◆ **PROBLEM DETAILS**
Please reproduce the entries below exactly from the line with "Donna che indossa" through their last line, leaving out any pictures.

(Items from a dataset)

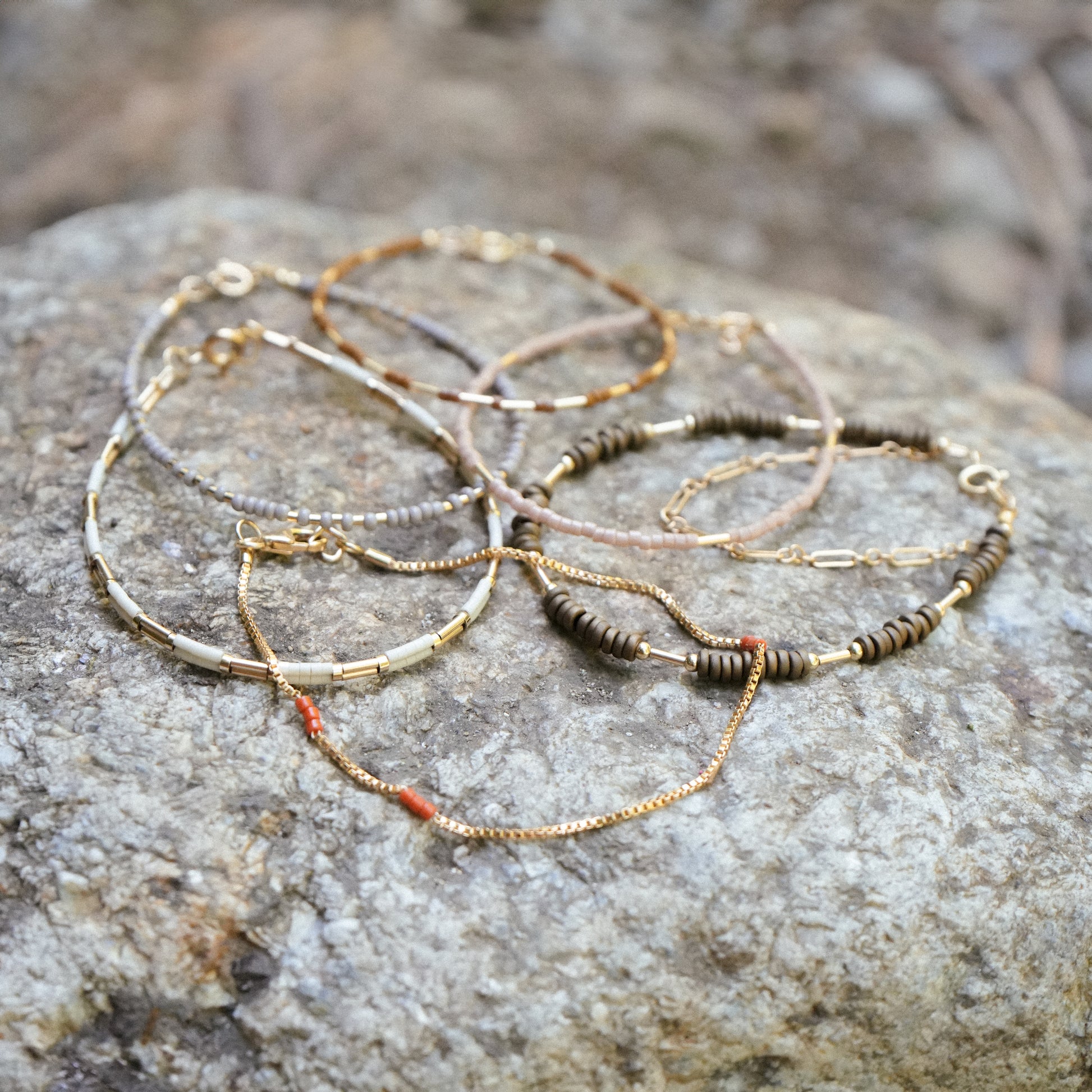bundle of six beaded bracelets resting on a boulder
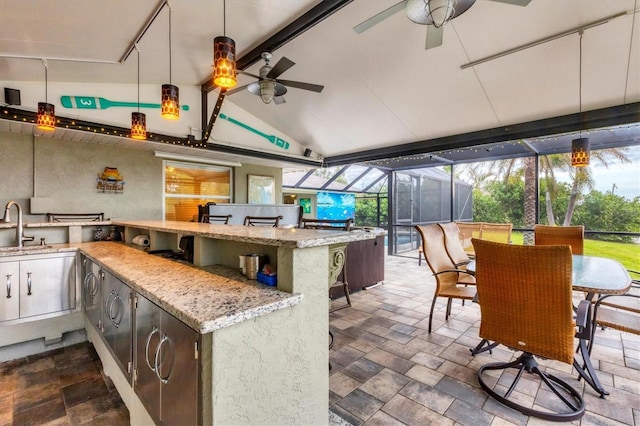 view of patio / terrace with area for grilling, ceiling fan, a wet bar, and glass enclosure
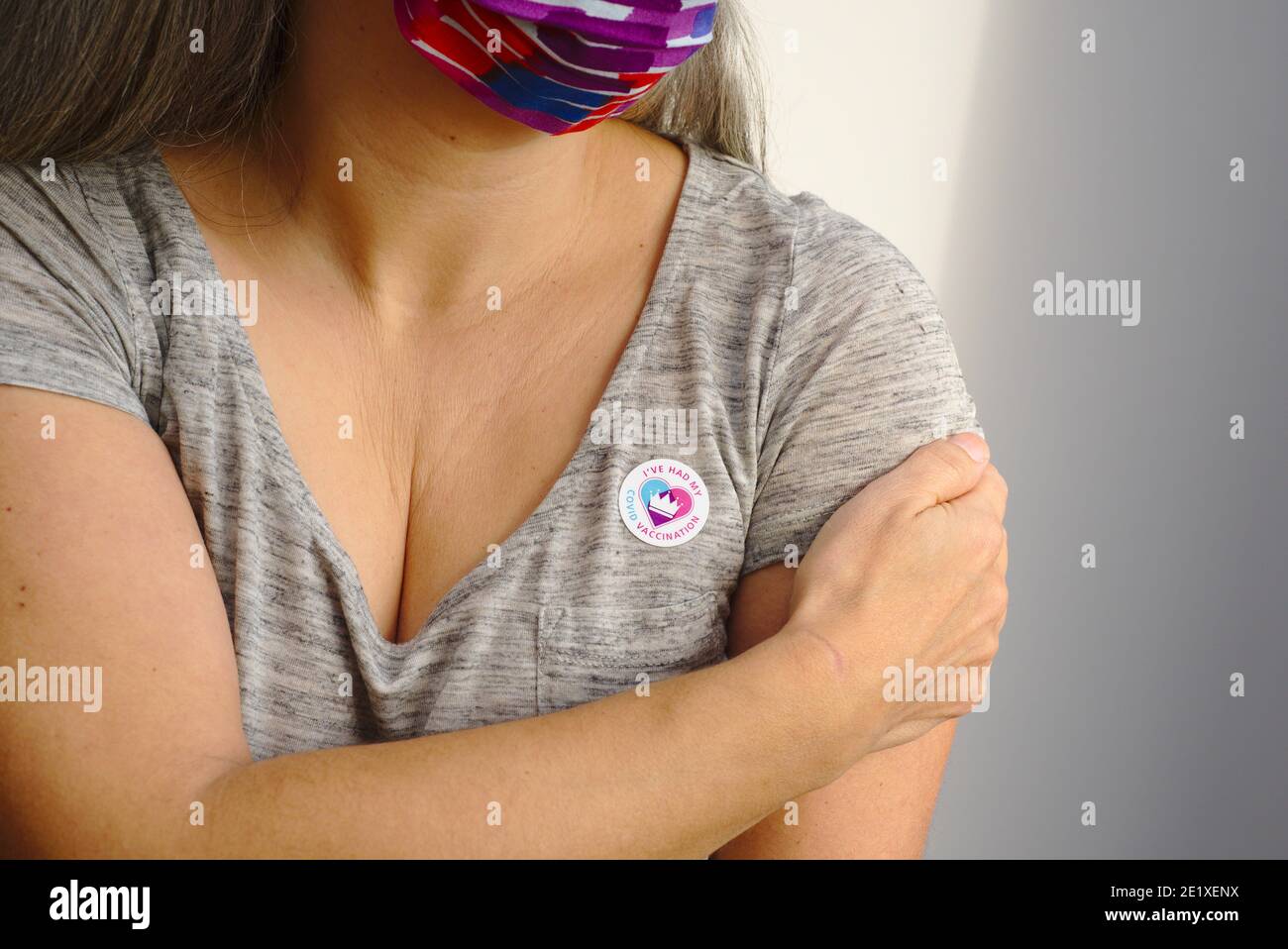 Donna che indossa una maschera facciale che tiene il braccio dopo aver ricevuto il vaccino Covid19 nel Regno Unito. Ha un adesivo che dice che ho avuto la mia vaccinazione Covid. Foto Stock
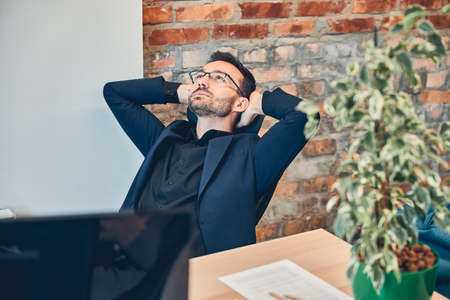 Successful project manager holding hand behind his head and enjoying moment while sitting at the modern workplaceの写真素材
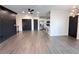 Open-concept living room with modern lighting and neutral decor at 3076 Quantum Ln, Atlanta, GA 30341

◆ **RESULT FOR THIS TASK**
 Donna che indossa una maschera facciale che tiene il braccio dopo aver ricevuto il vaccino Covid19 nel Regno Unito. Ha un adesivo che dice che ho avuto la mia vaccinazione Covid. Foto Stock
 Successful project manager holding hand behind his head and enjoying moment while sitting at the modern workplaceの写真素材
 Open-concept living room with modern lighting and neutral decor at 3076 Quantum Ln, Atlanta, GA 30341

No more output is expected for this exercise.